Thursday, February 9, 2012

Enhancement of Fee Awards in New Jersey

After the Supreme Court’s decision in Purdue v. Kenny A., __ U.S. __, 130 S. Ct. 1662, 176 L. Ed. 2d 494 (2010), one would have thought that enhancements of the lodestar would come almost to a screeching halt and only be rarely awarded in fee-shifting litigation.  Not so in New Jersey under state law.  

On January 25, 2012, the New Jersey Supreme Court handed down its decision in two consolidated appeals.  Walker v. Guiffre, Nos. A-72, A-100, Sept. Term 2010, 066969, 067267, 2012 N.J. LEXIS 15 (Jan. 25, 2012).  Walker was consolidated on appeal from two lower court decisions, Walker v. Giuffre, 2 A.3d 1165 (N.J. Super. Ct. App. Div. 2010) and Humphries v. Powder Mill Shopping Plaza, No. A-6083-08T1, 2010 N.J. Super. Unpub. LEXIS 2664 (N.J. Super. Ct. App. Div. Oct. 5, 2010).

 In Walker, a consumer protection case, the trial court awarded walker $654.50 in total damages, and a lodestar fee of $68,450.  The trial court then enhanced the lodestar fee by 45% for a total fee award of $99,252.50.  The intermediate New Jersey Appeals Court reversed the 45% contingency enhancement, relying upon Purdue.  2 A.3d 1165 (N.J. Super. Ct. App. Div. 2010).

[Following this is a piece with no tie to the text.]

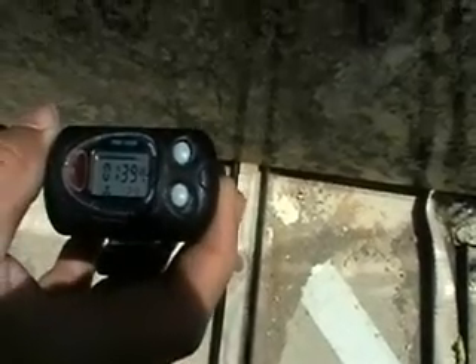About two feet away, it's at 139 microRems. You see it going up to 380, 392, 390. There you go.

In Humphries, a New Jersey Law Against Discrimination case, the parties entered into a partial settlement agreement which required modifications to the shopping center’s parking area and awarded the plaintiff $2,500 in damages.  The Plaintiff, as a “prevailing party”, then sought an award of legal fees.  The trial court awarded a lodestar fee with a 20% contingency enhancement, rejecting plaintiff’s request for a 50% contingency enhancement.  Again, the intermediate Appeals Court reversed, holding that Purdue permits contingency enhancements only in “rare and exceptional circumstances.”  Humphries, 2010 N.J. Super. Unpub. LEXIS 2664 at *25.  

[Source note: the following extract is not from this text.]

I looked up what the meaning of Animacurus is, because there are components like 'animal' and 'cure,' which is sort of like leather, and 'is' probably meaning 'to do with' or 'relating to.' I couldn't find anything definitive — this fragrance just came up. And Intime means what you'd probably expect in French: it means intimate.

The New Jersey Supreme Court, in a unanimous decision, rejected the intermediate appellate court’s reliance on Purdue, opining that its 1995 decision in Rendine v. Pantzer, 661 A.2d 1202 (N.J. 1995) had rejected the 1992 decision of the United States Supreme Court in City of Burlington v. Dague, 505 U.S. 557 (1992), in which the Court had addressed the propriety of contingency enhancements.  The New Jersey Supreme Court further explained that the U.S. Supreme Court’s decision in Purdue was merely a reaffirmation of Dague, and “the opinion made it abundantly clear that, for federal fee-shifting purposes, this issue had been settled in Dague…Simply put, the Court’s decision in Purdue reiterates the framework that applies to fee awards in federal courts arising from federal statutes and does not represent any new approach on the subject.”  In short, New Jersey considered and rejected the “rare circumstance” rule respecting contingency fee enhancements in Rendine, and merely reaffirmed that in Walker.  

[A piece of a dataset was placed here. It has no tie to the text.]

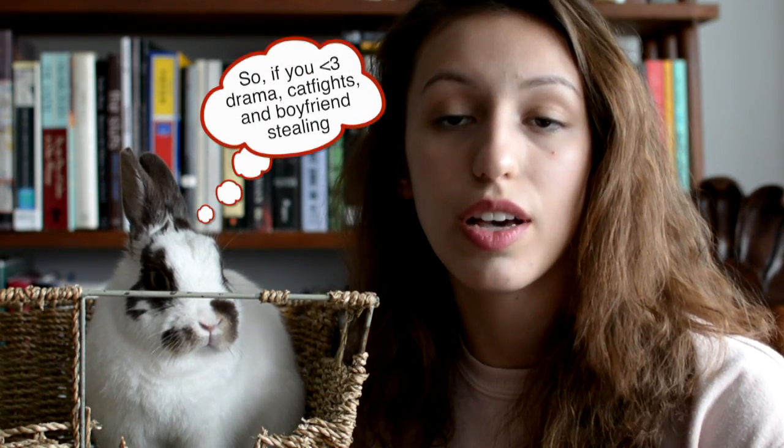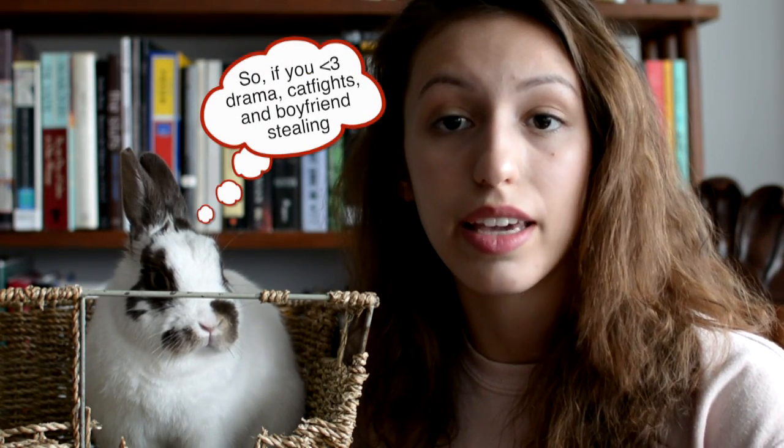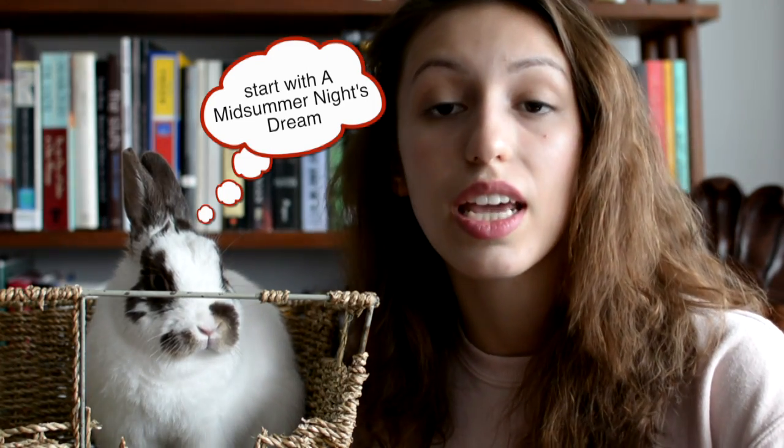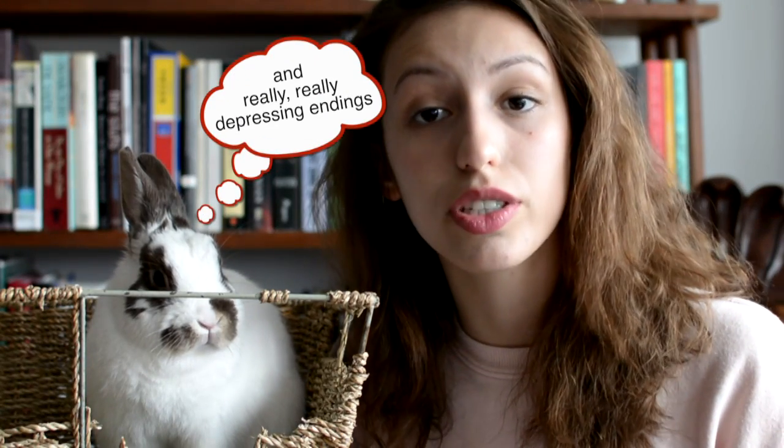Watch all the productions of that play that you chose — all of them that you can get your hands on, anything that you can. Really become an expert in that play. And if you start watching a movie and you think, oh my god, this is so boring, don't watch it. There are probably a bunch of different productions — find a different one. Make sure you're not watching anything that you hate, because I'm so against that.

The New Jersey Supreme Court went on to state that it “fixed the ordinary range for a contingency enhancement as being between five and fifty percent and we also identified the typical range as being between twenty and thirty-five percent of the lodestar.”  The New Jersey Supreme Court’s “rare and exceptional case” rule is a 100% enhancement.  Further, it did preclude an award of a contingency enhancement in excess of 100%.  

The Court sent Walker back to the trial court for further proceedings, and then proceeded to reverse the trial court’s twenty-percent fee-enhancement, and instead found that “the requested fifty percent was eminently reasonable…”

The decision in the consolidated cases will undoubtedly be a catalyst to plaintiff’s counsel arguing that the rationale of Rendine and Walker ought to be applied to their state anti-discrimination statute.